Snow and cold seem to be an important part of the Christmas season, at least for those of us who grew up in the northern regions of our country. I remember the excitement of hearing the knock on our door, running to open it to our guests because my childhood anticipation of the forthcoming party had reached its peak. I remember the scent of cold coming in, relatives handing presents to me for under the tree as they stomped the snow off their shoes, took off their boots, unwrapped scarfs, stuffed mittens and hats in sleeves, and handed to outstretched arms piles of coats to put on beds. All completed to chants of Merry Christmas from everyone to everyone. This ritual was also reversed every year as we went to homes of friends and family. The teeth-chattering cold in spite of being bundled up, the snow, the lights of the Christmas tree in the front window welcoming us in even before we got out of our car, and the crunch of snow with each step. Ah, and the foggy eye-glasses as soon as I entered the house. This is what I’m remembering of my Christmas’s past.

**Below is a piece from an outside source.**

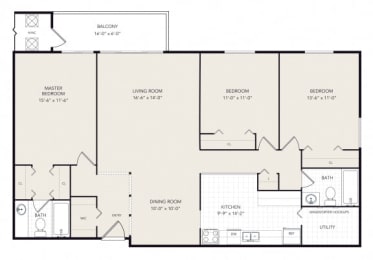 3 bed 2 bath at Willow Creek Apartment , Kalamazoo, 49008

We fly back to Michigan to be with family for Thanksgiving and Christmas. Each year on the evening before we leave, we say goodbye to Naples by going for my favorite meal at one of my favorite restaurants, fish and chips at the Old Naples Pub on 3rd Street South in the oldest area of Naples. We went for early supper, as the sun was getting low over the Gulf of Mexico just 4 blocks away, but the temperature was still a balmy 80 f. We ate outdoors, with smiles because it was so perfect.

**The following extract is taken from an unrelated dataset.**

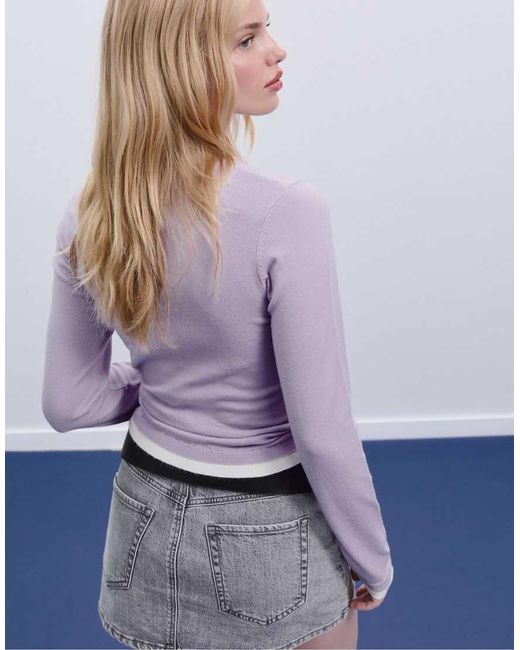 Stradivarius Purple Knit Sweater With Contrast Trim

Christmas decorations had been put up during the previous week so we decided to go for a walk down 3rd Street after we had finished sharing a piece of key lime pie.

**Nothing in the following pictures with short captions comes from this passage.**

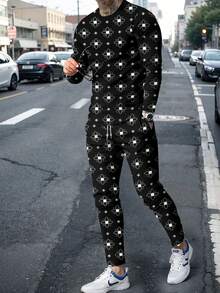 Men's Casual Comfortable Sports Long Sleeve Top And Pants Set - Multicolor - View 5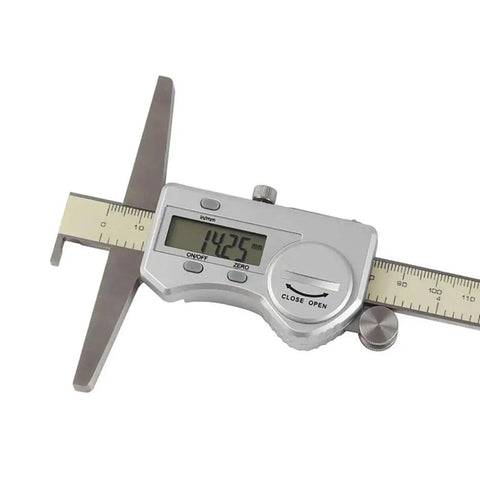 Double‑Hook Digital Depth Gauge Waterproof Stainless Steel Electronic Vernier Caliper with LCD display and precise measurement.
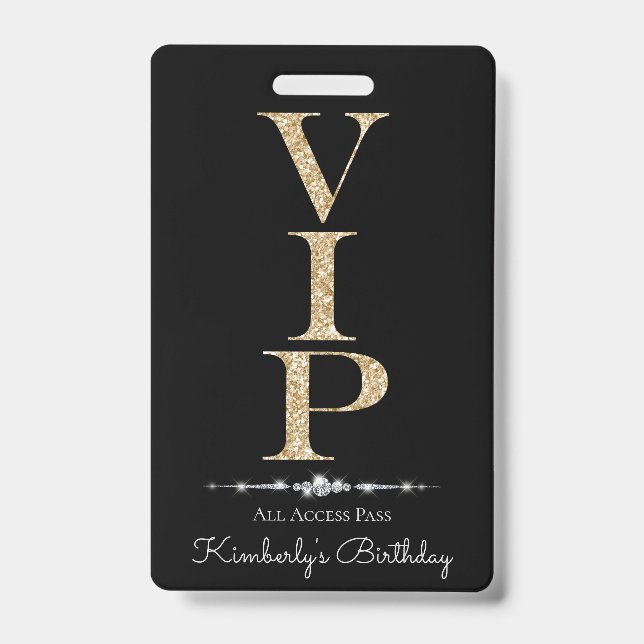 Black Glamourous Diamonds Gold Glitter VIP Loyalty ID Badge (Front)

What I see every year is a jolt to my emotional memories. Poinsettias don’t seem to belong with tropical plants – outdoors no less (even though my brain knows they grow into large shrubs in people’s yards). We smiled, enjoyed and laughed as we talked about how different Christmas feels in sub-tropical weather.

Driving home we went down 5th Avenue South just because we could. In high season, when we get back, it takes forever to drive this two-lane, 7 block shopping district because of the cars and people. In November we breezed through, with windows down and sunroof open.


I hold these memories in my heart and smile, as I am now preparing for a real Christmas with cold and hopefully just a little snow. I have a poinsettia on the kitchen counter and no palm trees with lights wrapped around their trunks. I’ll see the palms in a few weeks.

It is strange how we come to believe that traditions should be the way we have always known them to be. One of the advantages of traveling and spending time in different locations has been learning that even the simplest activities of daily living can be different when people live in different climates, have different faith stories, are a part of a different culture. When I took students abroad to study culture I learned that culture learning requires an open mind, an ability to identify similarities and differences without judgement, an eagerness to explore and understand.

I wish you a holiday season in which you have the opportunity to explore and learn customs that are different than your own and that this experience brings you increased joy. I also hope you find a way to maybe assimilate a little bit of different into what you find familiar and comfortable.

I would love to read your stories if you write them into a blog and leave a link in the comments. Please do!

Christmas Reflections


I am half way between our celebration of Christmas and the celebration of the beginning of a new year. We had a fun and joyful Christmas Eve celebration and I’ve been doing a lot of reflecting on whether we provided an appropriate celebration of a religious holy day of such magnitude. I have struggled as long as I can remember with trying to keep the season holy while surrounded by the hyped up commercialism that begins weeks in advance. Advent is the season of preparation of your spirits, our souls, for the coming of the Christ child into our lives, bringing renewal and meaning into what it means to be Christian.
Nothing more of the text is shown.